In parks and backyards across the U.S., the low hum of lawnmowers and the rhythmic tick of sprinklers greet the dawn. But for millions upon millions of people – in this country and abroad – water isn’t for lawns. Water is for bathing, for drinking, for cooking, and for irrigating farms that provide the world’s food supply. And it’s increasingly scarce.
“Water may be the most important item in our lives, our economy, and our landscape about which we know the least. — Charles Fishman, Water is Broken. Data Can Fix It
Water stresses are mounting as the climate changes and the world’s population increases. But there is enough water to safely and sustainably meet the needs of communities, farms, industry, and the environment – if managed sustainably. This means having data that allow us to deliberately and carefully manage our precious water resources.
The barrier is not simply a lack of data. In most cases, the data do exist. The challenge, rather, is sharing and integrating that data across agencies and levels of governance in a timely and efficient way.

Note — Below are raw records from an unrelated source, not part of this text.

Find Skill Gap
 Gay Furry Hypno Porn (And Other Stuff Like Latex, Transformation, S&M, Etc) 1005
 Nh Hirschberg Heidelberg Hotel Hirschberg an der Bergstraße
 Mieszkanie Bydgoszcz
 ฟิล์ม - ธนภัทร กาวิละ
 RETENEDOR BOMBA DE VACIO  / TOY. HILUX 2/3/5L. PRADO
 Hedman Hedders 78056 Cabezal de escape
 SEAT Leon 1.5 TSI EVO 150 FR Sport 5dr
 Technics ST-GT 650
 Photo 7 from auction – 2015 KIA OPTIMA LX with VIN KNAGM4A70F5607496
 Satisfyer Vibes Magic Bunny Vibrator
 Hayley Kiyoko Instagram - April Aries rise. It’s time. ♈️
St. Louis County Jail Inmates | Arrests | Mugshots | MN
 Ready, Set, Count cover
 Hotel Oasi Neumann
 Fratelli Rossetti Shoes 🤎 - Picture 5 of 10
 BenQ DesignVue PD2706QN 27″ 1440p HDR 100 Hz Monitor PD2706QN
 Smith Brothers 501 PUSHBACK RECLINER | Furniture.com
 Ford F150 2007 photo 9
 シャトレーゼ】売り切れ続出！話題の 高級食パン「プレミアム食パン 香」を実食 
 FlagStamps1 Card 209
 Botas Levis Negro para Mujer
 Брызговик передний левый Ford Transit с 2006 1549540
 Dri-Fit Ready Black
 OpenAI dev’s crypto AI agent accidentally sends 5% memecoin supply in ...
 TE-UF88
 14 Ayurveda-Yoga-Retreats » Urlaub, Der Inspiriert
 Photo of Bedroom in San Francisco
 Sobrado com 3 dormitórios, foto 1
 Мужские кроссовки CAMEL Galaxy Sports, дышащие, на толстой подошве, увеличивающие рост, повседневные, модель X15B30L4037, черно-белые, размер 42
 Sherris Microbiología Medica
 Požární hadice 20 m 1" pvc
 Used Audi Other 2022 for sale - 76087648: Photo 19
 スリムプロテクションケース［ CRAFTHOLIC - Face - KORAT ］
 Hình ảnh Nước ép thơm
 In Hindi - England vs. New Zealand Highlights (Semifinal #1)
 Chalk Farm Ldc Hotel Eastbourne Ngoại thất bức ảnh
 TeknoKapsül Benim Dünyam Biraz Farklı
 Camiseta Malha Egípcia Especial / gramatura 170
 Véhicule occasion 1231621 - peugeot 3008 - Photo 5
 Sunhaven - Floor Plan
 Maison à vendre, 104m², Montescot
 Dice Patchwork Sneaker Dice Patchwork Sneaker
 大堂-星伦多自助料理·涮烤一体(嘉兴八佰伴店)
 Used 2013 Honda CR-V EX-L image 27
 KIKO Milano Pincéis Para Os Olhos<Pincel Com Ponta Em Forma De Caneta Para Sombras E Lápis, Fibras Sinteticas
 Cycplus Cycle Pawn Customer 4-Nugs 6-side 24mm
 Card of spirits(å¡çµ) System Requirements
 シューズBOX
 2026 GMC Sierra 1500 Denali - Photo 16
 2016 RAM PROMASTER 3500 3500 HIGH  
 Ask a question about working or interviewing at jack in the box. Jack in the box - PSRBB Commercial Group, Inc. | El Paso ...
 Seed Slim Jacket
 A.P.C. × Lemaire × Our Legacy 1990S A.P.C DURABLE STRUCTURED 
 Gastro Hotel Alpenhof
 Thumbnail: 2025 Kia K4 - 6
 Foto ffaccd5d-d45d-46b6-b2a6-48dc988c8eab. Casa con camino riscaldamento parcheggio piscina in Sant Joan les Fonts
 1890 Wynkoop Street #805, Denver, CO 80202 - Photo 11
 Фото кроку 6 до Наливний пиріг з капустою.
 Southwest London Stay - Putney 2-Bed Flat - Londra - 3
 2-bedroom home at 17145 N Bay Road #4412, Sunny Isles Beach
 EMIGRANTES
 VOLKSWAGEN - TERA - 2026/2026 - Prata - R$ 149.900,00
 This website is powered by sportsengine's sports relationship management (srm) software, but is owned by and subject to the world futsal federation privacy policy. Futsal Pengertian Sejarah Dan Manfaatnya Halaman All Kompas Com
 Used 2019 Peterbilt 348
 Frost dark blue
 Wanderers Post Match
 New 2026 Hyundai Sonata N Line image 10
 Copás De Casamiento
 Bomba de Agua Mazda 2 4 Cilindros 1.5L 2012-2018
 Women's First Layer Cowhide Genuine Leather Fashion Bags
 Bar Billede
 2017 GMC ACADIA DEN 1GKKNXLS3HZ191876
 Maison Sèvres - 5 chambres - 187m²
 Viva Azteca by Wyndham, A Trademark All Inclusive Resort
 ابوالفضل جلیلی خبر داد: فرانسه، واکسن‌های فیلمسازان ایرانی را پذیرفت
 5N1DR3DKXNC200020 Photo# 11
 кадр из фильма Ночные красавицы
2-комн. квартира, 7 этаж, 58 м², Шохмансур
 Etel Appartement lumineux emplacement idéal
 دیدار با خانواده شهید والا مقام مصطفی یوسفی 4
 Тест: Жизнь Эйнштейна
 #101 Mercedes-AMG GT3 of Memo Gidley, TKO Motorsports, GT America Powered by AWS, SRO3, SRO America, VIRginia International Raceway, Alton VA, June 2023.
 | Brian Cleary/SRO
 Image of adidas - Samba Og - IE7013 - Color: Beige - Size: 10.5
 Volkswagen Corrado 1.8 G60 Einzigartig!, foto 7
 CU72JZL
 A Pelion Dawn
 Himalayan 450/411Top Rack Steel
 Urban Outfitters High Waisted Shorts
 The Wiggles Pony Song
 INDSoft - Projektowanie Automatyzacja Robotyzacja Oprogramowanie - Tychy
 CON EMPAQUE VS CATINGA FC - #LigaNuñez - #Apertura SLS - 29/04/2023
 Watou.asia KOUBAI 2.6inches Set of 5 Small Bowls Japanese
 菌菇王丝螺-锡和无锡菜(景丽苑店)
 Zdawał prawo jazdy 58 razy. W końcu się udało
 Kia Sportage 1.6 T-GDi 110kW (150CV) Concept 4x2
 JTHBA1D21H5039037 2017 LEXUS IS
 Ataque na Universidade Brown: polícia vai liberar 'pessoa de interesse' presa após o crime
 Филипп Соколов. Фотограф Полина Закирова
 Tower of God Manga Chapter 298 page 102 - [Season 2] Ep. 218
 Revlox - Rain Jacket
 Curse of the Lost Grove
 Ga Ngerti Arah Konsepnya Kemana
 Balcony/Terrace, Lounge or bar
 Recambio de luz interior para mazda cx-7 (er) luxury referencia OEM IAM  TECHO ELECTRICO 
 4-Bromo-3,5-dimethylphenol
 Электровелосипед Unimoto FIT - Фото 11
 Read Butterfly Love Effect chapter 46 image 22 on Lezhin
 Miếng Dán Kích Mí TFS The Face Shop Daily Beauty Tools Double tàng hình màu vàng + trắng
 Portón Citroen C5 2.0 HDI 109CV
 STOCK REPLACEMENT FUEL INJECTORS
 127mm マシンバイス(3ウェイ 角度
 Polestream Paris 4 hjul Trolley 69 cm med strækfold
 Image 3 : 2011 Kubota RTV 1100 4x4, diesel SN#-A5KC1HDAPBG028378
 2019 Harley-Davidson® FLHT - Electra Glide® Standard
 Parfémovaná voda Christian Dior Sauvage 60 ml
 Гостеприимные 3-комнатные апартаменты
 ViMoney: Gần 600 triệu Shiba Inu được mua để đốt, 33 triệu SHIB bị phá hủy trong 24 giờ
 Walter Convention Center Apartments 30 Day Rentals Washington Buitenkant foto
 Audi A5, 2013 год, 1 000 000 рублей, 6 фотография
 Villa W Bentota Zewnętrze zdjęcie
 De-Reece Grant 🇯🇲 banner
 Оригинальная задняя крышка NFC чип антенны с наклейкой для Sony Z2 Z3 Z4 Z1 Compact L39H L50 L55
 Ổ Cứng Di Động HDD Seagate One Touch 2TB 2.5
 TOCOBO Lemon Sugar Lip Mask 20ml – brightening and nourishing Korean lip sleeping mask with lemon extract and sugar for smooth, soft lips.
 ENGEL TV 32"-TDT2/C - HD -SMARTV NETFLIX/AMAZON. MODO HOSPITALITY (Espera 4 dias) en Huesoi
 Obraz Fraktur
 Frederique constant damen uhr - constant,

In Flint, Michigan, for example, data on the city’s lead pipes were there; they were just in a format that made it impossible to share them in an efficient way. They were stored on more than 45,000 index cards – many written on pencil, smeared, and barely legible.
Although Flint’s water crisis could not have been avoided by better data, it could have been noticed and addressed faster if the data had been widely available and transparent.
Across the water sector, vital data on water quality, use, and supply is often not in a format that is easily accessible, understandable, or sharable. What’s more, there are often strong disincentives, fears, and concerns about sharing it.
To address this enormous challenge, the Water Funder Initiative created and funded an Aspen Institute Dialogue Series for Sharing and Integrating Water Data for Sustainability. The Dialogue was a partnership between Redstone, the Nicholas Institute for Environment Policy Solutions, and the Aspen Institute. Between May 2016 and February 2017, experts from federal, state, and local government agencies, the private sector, academia, and non-governmental organizations met during several roundtables to focus on how to unlock vital water data that could help us address the country’s mounting water stresses.
The report details the key findings and recommended actions that emerged from the Dialogue, and provides a “principle-based blueprint for how to design an Internet of Water – a network of interconnected data producers, hubs, and users – that will enable connecting and transmitting water-related data and information in real-time.”
Very simply, the people who manage our most precious resource need better data to make more informed decisions. If that happens, we’ll all be better off. The Aspen Dialogues, and this report, are a good step in that direction.